_PROBLEM DESCRIPTION_: Take the material below and reproduce, word for word, only the lines from the line with "ミキモト MIKIMOTO ネックレス" through the line with "Frankreich centimes 1864".

_SOURCE DATA_:
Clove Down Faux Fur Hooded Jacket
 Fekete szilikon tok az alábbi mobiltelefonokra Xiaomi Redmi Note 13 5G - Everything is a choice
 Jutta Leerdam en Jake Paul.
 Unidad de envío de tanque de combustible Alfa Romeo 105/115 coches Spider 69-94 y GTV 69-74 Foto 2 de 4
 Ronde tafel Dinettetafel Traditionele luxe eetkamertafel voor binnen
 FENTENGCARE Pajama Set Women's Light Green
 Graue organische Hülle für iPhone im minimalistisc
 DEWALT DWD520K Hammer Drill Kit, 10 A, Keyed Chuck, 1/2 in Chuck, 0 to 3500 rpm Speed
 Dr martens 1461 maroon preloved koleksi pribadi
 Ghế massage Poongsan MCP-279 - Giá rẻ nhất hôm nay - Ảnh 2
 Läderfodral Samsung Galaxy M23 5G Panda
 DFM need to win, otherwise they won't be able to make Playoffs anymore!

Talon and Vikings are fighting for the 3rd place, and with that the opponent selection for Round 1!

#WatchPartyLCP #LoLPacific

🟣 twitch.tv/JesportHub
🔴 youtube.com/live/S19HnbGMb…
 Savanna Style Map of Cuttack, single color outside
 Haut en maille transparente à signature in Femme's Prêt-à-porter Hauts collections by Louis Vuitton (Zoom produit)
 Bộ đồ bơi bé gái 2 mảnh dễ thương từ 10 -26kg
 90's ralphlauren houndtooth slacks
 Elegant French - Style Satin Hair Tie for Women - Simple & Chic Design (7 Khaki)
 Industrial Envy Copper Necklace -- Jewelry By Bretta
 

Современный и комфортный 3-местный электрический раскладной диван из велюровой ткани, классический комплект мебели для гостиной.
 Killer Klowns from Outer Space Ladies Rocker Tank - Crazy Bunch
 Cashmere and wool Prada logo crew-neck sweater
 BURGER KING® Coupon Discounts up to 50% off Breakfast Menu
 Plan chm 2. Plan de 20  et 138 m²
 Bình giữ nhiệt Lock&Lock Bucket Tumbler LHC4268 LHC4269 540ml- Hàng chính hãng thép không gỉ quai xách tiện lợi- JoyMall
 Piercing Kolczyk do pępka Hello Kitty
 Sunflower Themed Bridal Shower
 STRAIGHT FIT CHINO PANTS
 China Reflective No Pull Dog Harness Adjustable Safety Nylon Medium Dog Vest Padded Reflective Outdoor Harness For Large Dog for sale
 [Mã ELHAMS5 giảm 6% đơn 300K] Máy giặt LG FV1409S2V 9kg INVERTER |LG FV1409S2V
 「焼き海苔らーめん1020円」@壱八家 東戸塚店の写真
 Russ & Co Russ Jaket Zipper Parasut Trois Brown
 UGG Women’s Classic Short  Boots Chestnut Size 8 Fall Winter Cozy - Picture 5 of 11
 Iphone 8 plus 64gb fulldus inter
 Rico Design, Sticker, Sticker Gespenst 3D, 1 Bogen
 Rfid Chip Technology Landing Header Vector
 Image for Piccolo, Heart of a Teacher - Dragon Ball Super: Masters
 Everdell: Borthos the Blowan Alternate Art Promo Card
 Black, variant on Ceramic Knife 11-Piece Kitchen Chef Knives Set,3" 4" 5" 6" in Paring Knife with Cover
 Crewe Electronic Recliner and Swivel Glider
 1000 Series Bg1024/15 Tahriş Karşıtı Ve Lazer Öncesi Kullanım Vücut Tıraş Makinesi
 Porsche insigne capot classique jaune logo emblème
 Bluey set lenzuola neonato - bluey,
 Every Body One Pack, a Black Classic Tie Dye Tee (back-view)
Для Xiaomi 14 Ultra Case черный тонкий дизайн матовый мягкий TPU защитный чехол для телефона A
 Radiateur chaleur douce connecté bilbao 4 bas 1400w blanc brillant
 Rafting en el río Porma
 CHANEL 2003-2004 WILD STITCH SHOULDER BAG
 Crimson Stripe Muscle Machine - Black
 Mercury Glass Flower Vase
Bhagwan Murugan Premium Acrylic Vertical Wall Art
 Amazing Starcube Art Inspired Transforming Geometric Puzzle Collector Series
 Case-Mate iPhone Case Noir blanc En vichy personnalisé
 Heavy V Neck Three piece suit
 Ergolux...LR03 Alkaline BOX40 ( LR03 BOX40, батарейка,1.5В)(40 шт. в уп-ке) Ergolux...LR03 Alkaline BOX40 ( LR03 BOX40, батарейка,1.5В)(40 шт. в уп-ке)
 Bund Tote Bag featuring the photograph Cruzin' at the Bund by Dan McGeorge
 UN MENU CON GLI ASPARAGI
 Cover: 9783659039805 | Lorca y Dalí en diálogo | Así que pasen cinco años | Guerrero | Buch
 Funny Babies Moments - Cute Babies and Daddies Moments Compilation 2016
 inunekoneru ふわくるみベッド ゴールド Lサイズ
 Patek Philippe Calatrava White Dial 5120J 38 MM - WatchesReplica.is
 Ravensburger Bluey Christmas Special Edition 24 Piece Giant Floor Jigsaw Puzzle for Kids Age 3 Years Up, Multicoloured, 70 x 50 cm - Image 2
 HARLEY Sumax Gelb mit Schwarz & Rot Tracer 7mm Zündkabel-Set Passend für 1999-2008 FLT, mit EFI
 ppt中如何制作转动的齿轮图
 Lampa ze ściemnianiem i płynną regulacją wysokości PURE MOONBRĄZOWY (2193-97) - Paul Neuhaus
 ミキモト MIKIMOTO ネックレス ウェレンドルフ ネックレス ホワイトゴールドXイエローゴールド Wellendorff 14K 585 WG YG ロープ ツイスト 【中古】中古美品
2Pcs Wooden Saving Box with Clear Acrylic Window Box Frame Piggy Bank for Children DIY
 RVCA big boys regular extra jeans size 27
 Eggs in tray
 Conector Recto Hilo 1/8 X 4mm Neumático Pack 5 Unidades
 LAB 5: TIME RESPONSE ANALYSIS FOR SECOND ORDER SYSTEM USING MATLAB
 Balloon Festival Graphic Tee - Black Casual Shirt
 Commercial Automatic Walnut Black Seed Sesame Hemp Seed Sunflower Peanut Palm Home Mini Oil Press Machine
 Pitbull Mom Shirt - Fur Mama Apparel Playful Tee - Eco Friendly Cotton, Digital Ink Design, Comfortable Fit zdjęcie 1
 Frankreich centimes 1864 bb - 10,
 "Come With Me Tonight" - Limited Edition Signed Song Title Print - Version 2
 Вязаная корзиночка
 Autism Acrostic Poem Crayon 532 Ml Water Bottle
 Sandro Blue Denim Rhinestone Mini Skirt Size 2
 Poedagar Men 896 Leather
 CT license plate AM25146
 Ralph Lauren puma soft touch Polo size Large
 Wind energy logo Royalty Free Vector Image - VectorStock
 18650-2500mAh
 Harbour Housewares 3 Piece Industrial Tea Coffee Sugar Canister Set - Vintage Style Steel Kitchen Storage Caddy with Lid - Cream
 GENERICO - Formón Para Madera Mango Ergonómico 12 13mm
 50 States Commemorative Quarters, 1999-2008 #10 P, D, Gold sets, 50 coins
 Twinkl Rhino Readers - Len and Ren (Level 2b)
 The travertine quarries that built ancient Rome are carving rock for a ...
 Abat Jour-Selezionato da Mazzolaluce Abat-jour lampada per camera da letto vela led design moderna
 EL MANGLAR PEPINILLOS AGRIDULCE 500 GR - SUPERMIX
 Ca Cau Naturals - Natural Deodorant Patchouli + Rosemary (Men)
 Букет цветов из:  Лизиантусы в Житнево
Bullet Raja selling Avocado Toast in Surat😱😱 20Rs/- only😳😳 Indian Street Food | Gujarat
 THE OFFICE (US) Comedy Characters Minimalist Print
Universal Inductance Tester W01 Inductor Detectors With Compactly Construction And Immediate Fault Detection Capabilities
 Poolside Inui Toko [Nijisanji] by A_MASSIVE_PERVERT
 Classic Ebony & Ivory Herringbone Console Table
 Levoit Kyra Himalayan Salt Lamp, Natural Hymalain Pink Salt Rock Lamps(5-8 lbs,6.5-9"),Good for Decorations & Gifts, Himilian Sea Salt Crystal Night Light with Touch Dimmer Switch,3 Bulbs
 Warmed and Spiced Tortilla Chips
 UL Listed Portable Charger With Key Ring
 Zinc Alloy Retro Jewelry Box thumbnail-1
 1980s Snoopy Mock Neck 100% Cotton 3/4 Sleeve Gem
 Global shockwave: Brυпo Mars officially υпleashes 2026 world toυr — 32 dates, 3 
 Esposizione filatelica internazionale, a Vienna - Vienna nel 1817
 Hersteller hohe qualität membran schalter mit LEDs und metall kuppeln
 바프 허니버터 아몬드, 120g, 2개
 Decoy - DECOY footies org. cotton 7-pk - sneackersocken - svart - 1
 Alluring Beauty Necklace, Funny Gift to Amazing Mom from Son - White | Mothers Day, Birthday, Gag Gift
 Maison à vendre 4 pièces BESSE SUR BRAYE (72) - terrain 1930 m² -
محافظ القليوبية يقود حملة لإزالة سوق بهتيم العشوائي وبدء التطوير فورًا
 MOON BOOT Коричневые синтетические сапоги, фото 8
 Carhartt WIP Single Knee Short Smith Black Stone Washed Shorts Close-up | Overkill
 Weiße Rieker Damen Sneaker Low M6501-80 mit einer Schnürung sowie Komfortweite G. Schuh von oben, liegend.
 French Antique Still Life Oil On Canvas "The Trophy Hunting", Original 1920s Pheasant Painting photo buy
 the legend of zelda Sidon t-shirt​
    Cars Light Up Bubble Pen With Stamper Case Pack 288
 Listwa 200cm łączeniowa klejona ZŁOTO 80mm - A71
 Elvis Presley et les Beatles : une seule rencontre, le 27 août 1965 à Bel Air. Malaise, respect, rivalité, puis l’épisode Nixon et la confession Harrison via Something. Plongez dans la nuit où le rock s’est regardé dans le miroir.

_FINAL ANSWER_:
 ミキモト MIKIMOTO ネックレス ウェレンドルフ ネックレス ホワイトゴールドXイエローゴールド Wellendorff 14K 585 WG YG ロープ ツイスト 【中古】中古美品
2Pcs Wooden Saving Box with Clear Acrylic Window Box Frame Piggy Bank for Children DIY
 RVCA big boys regular extra jeans size 27
 Eggs in tray
 Conector Recto Hilo 1/8 X 4mm Neumático Pack 5 Unidades
 LAB 5: TIME RESPONSE ANALYSIS FOR SECOND ORDER SYSTEM USING MATLAB
 Balloon Festival Graphic Tee - Black Casual Shirt
 Commercial Automatic Walnut Black Seed Sesame Hemp Seed Sunflower Peanut Palm Home Mini Oil Press Machine
 Pitbull Mom Shirt - Fur Mama Apparel Playful Tee - Eco Friendly Cotton, Digital Ink Design, Comfortable Fit zdjęcie 1
 Frankreich centimes 1864 bb - 10,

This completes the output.